Problem statement: Give again, exactly as written, the lines of the records below from the line with "2023 SEAT ARONA 2023 SEAT ARONA" to the line with "Oshi No Ko PVC". Both end lines count; pictures do not.

Records to process:
━━━━━━━━━━━━━━━━
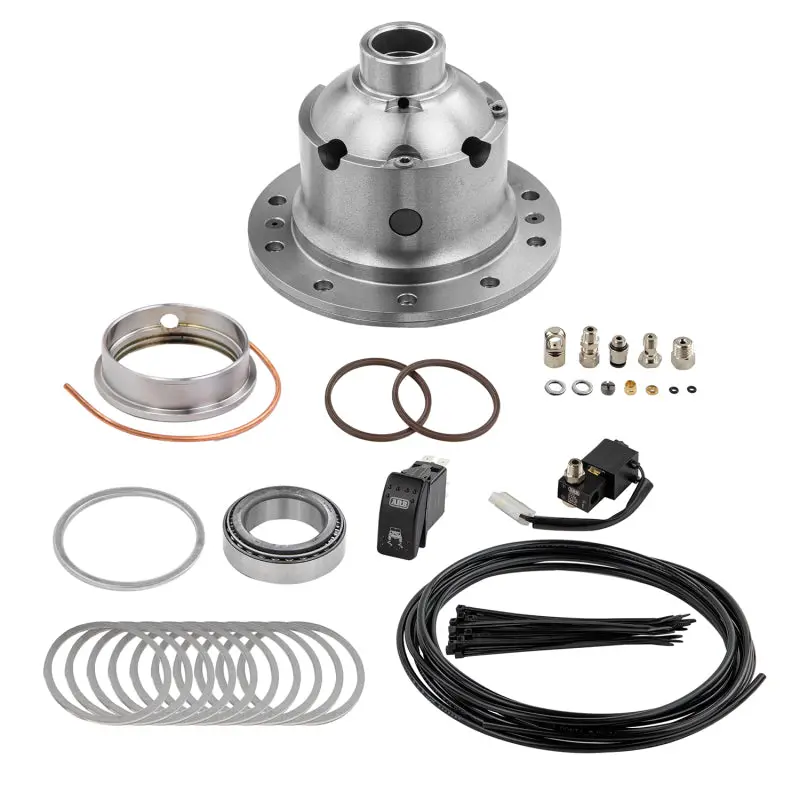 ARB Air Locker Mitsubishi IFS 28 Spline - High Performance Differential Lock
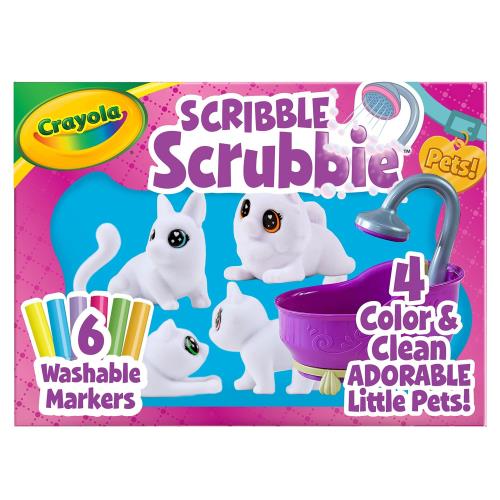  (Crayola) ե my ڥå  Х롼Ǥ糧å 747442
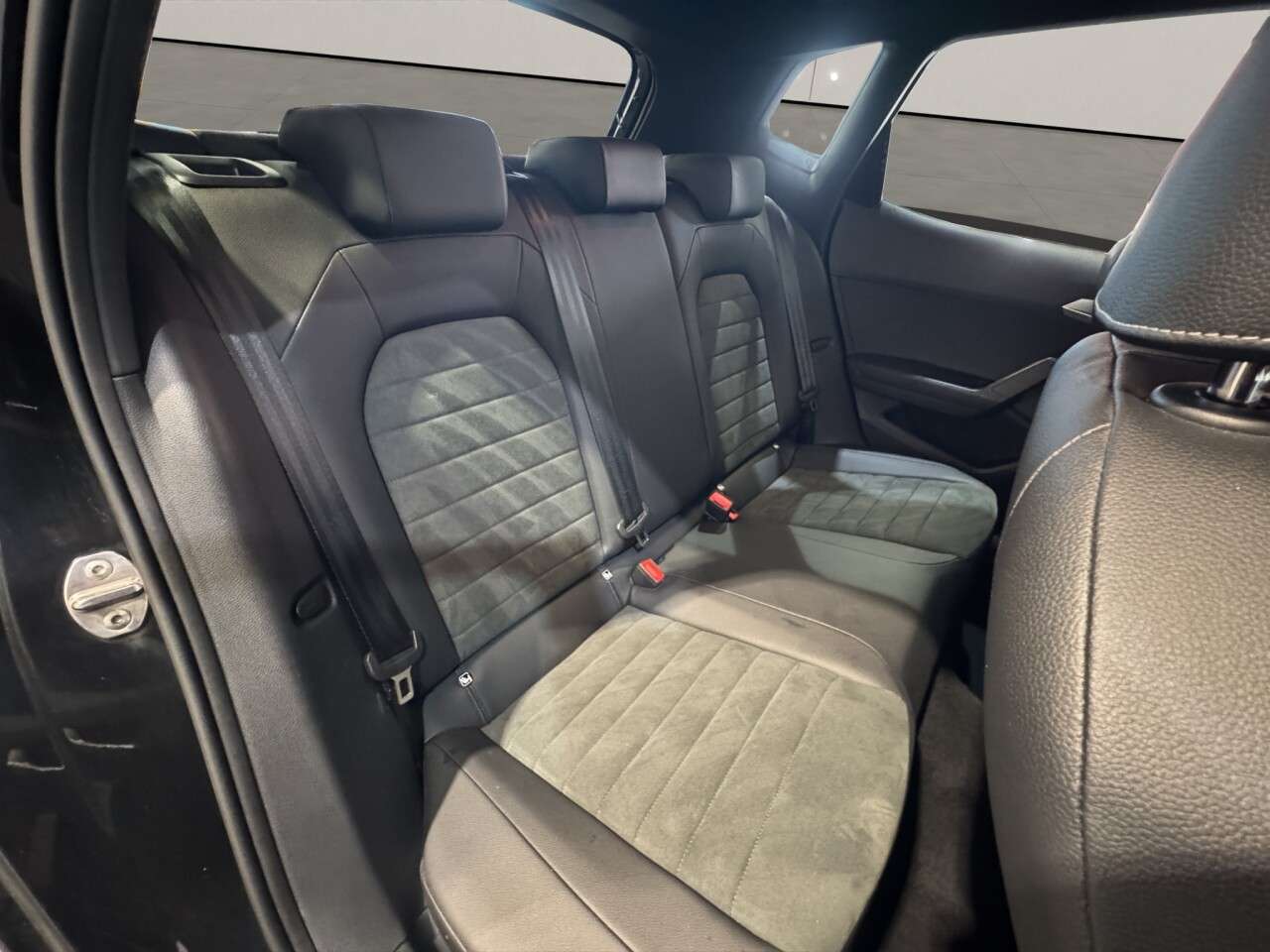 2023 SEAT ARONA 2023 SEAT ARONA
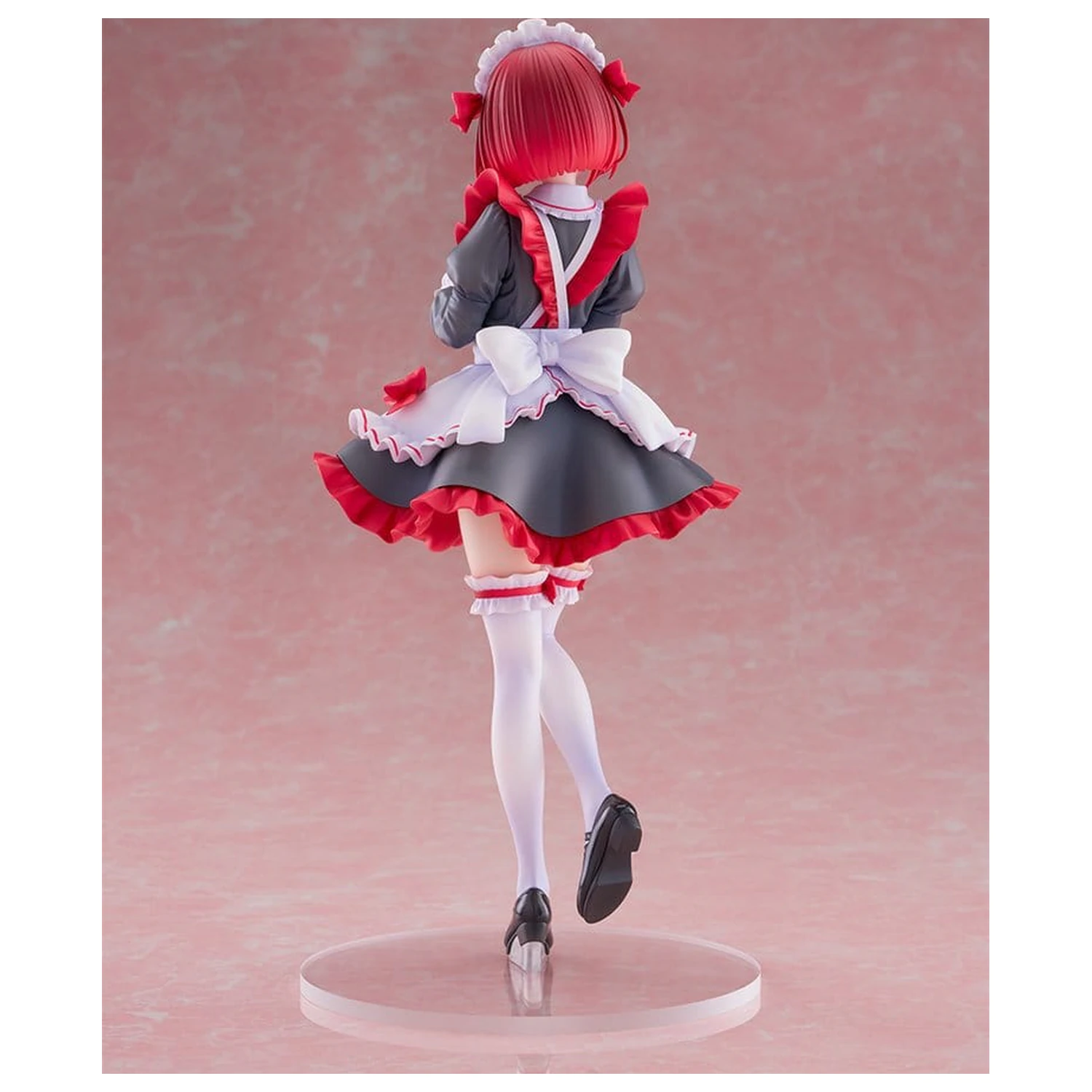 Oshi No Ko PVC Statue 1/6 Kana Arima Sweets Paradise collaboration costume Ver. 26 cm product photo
━━━━━━━━━━━━━━━━
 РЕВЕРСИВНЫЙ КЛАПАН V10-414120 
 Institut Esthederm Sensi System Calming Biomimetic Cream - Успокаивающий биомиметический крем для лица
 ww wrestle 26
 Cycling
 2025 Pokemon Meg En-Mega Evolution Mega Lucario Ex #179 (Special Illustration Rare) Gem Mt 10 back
━━━━━━━━━━━━━━━━
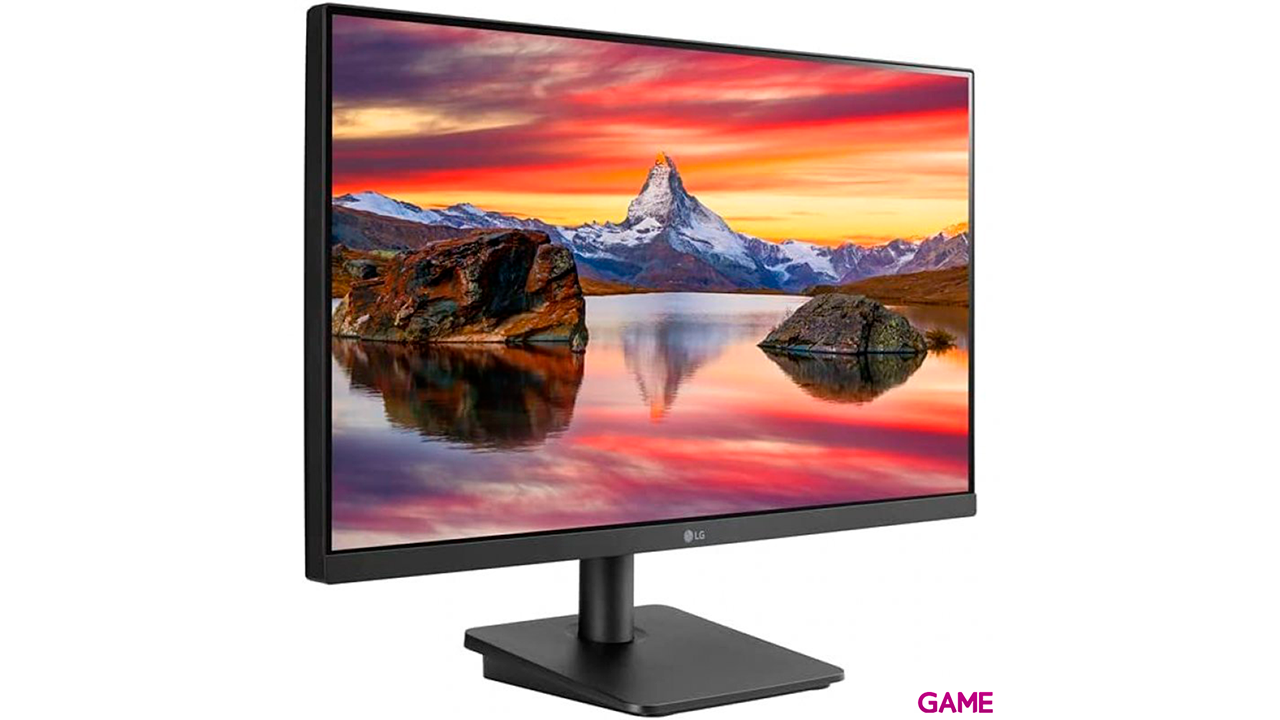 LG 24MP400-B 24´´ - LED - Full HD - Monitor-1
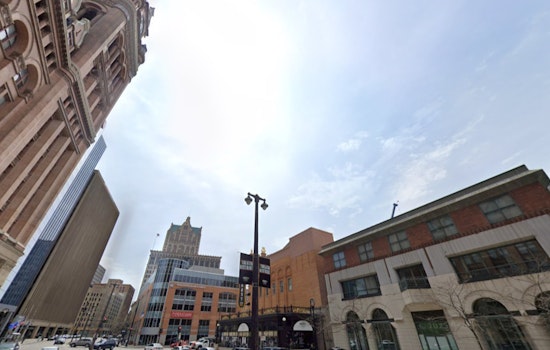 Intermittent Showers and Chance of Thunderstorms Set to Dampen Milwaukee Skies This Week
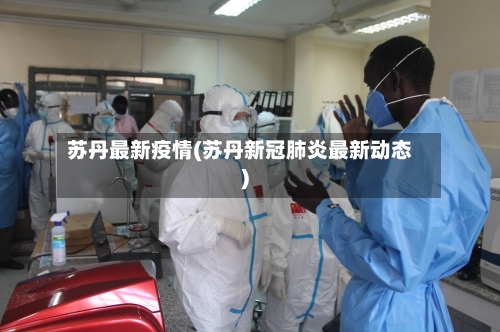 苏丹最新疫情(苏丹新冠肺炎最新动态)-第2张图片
━━━━━━━━━━━━━━━━
Solution:
 2023 SEAT ARONA 2023 SEAT ARONA
 Oshi No Ko PVC Statue 1/6 Kana Arima Sweets Paradise collaboration costume Ver. 26 cm product photo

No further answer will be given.